Top 2024 macro-credit risks include tight liquidity and funding conditions, uncertainty about China’s macroeconomic outlook and property sector, and geopolitical event risk, said Fitch Ratings recently.
Despite recent data signalling continued disinflation in major developed economies, the continued resilience of the US consumer could yet lead to an ‘even-higher-for-even-longer’ interest rate scenario should demand data be stronger than expected and exceed central bank forecasts, the credit rating agency noted.
A further ratcheting higher of US interest rates would intensify financial condition tightening, raising asset-quality pressures and increasing the risks of a stress event in the financial system, the firm said.
This would notably contribute to the divergence in ratings trajectories between higher-rated issuers and more leveraged issuers at the lower end of the spectrum, the firm added.
Property crisis in China not only remains a key risk for the country's economy but also becomes part of the top 2024 macro-credit risks.

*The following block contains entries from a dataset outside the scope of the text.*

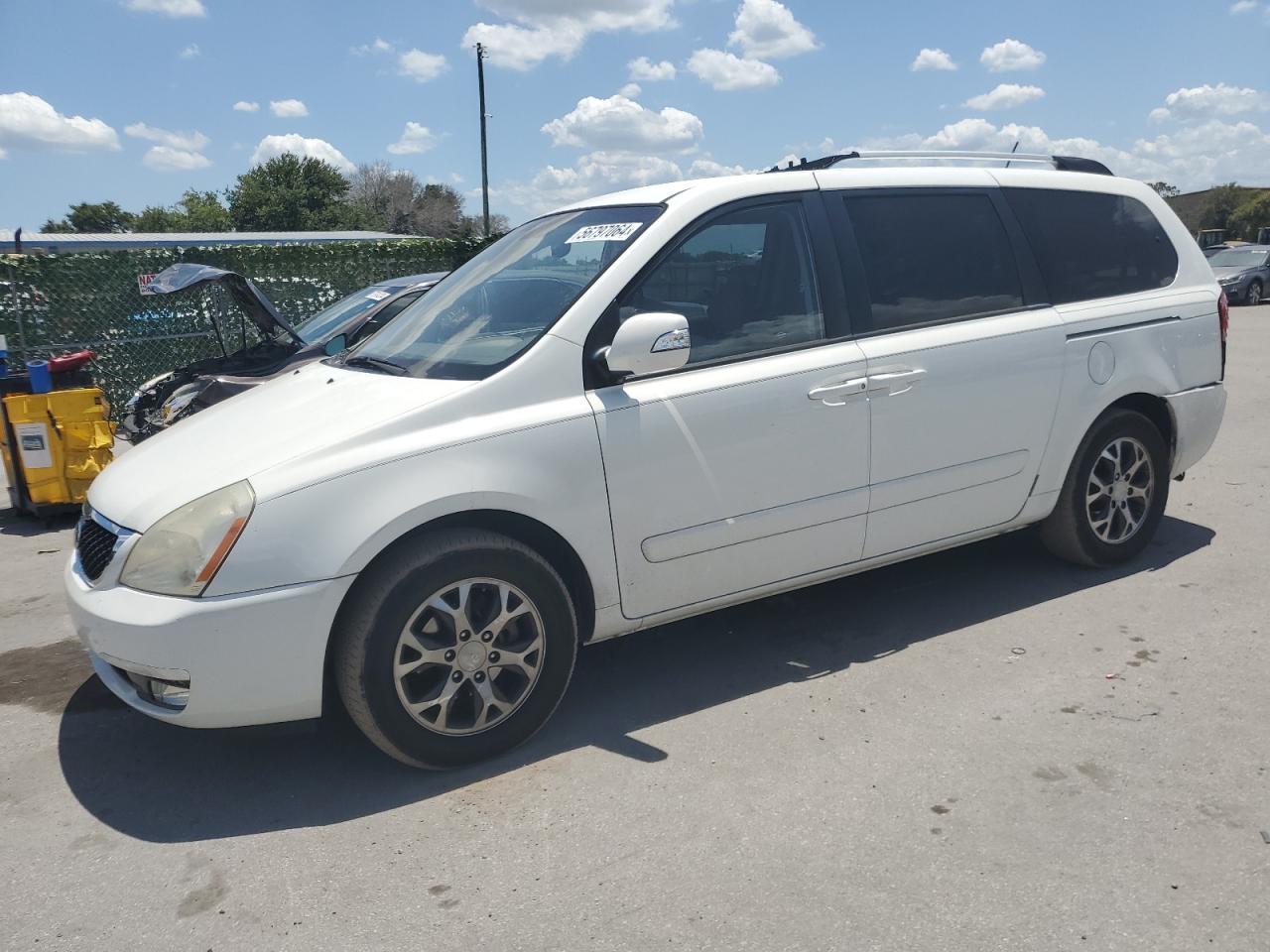 2014 KIA SEDONA LX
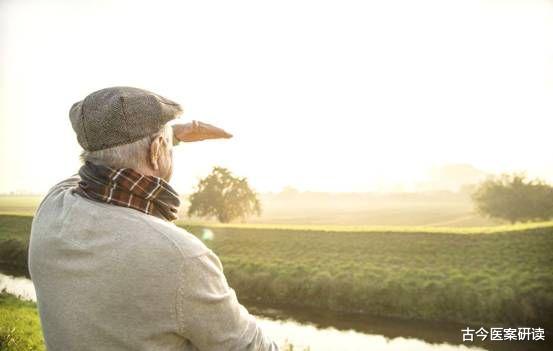 骨折|50岁过后,骨头会变松?多吃这4种“养骨”食物,远离骨质疏松,防骨折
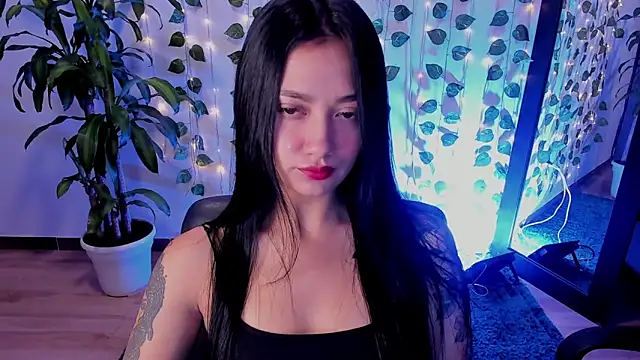 Snapshot of mariiana-diaz chatting on March 2025 12:39:02 PM mariiana-diaz online show from March 2025 12:39:02 PM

The property crisis feeds through to consumer demand and investment while pressuring local government financing vehicles and increasing asset risks within trust products, Fitch pointed out.
Policy support has increased since the summer, though there remains a high degree of uncertainty as to whether it will be sufficient to begin a recovery in the property sector, the firm added.
Fitch said its global key risks have been updated to include rates, asset valuations and financial stability; geopolitics, governance and policy risks; China property & macro; and real estate.